§ Collection entries:
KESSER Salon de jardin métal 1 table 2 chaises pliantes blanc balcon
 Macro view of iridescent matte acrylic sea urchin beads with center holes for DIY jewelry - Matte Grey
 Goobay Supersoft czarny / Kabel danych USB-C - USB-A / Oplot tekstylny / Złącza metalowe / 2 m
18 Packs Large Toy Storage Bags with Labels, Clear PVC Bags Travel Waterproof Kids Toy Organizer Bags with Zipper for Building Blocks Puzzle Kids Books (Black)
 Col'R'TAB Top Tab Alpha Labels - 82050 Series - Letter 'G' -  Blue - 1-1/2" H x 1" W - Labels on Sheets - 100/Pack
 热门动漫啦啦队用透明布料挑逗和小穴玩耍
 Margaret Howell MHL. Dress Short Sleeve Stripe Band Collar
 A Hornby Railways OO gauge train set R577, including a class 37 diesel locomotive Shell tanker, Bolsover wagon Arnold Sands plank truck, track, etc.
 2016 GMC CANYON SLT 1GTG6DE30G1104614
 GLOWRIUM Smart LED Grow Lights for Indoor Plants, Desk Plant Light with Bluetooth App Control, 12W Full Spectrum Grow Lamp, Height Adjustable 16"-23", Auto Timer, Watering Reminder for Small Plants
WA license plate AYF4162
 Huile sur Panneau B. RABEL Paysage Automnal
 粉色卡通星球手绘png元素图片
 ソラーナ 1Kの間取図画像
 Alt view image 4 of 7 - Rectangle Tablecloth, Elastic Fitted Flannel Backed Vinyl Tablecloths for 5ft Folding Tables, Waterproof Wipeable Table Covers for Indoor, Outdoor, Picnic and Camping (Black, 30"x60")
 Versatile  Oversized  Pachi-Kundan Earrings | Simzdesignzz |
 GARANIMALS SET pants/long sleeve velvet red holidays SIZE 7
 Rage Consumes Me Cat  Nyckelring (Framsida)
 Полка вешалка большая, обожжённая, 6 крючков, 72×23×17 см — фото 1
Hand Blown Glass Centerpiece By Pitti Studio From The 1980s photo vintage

§ What the exercise asks:
Among the records above, find the lines that contain "Labels" and copy every one.

§ Exercise solution:
18 Packs Large Toy Storage Bags with Labels, Clear PVC Bags Travel Waterproof Kids Toy Organizer Bags with Zipper for Building Blocks Puzzle Kids Books (Black)
 Col'R'TAB Top Tab Alpha Labels - 82050 Series - Letter 'G' -  Blue - 1-1/2" H x 1" W - Labels on Sheets - 100/Pack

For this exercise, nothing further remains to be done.